* **GIVEN DATA**:
================================

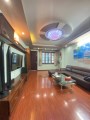 Cần Bán nhà Lạc Long Quân: diện tích 91m, 5 tầng, Mặt tiền 4.5m giá 8.7 tỷ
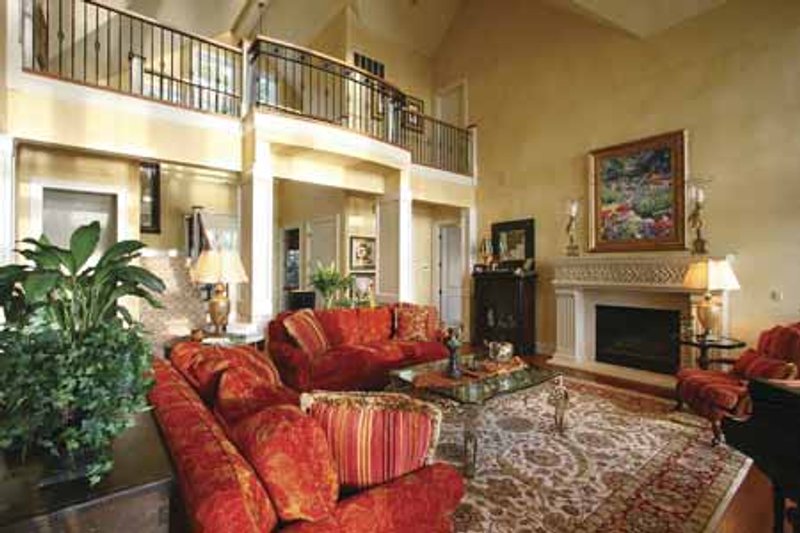 Home Plan - Interior - Family Room 1 for Craftsman House Plan #132-485 - 4 bed, 4.5 bath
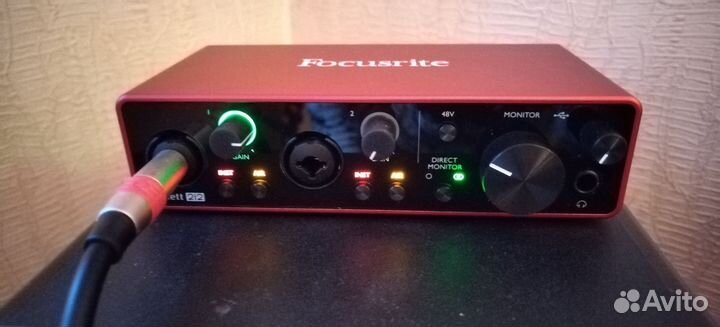 Звуковая карта focusrite scarlett 2i2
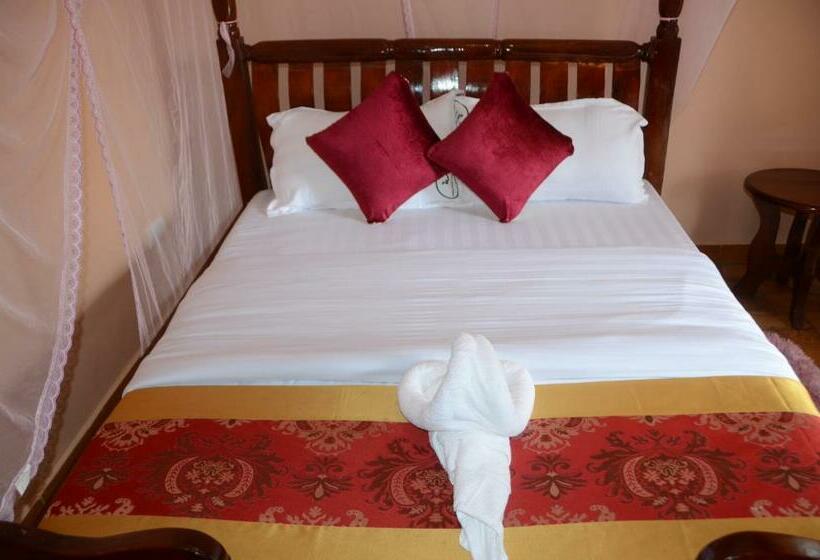 اتاق لوکس با بالکن, Wamala Resort Hotel Ssese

================================

* **PROBLEM DESCRIPTION**: Retype only the lines above from the one with "Звуковая карта focusrite scarlett 2i2" through the last, both ends included, keeping every picture out of the copy.

* **ANSWER SPACE**:
 Звуковая карта focusrite scarlett 2i2
 اتاق لوکس با بالکن, Wamala Resort Hotel Ssese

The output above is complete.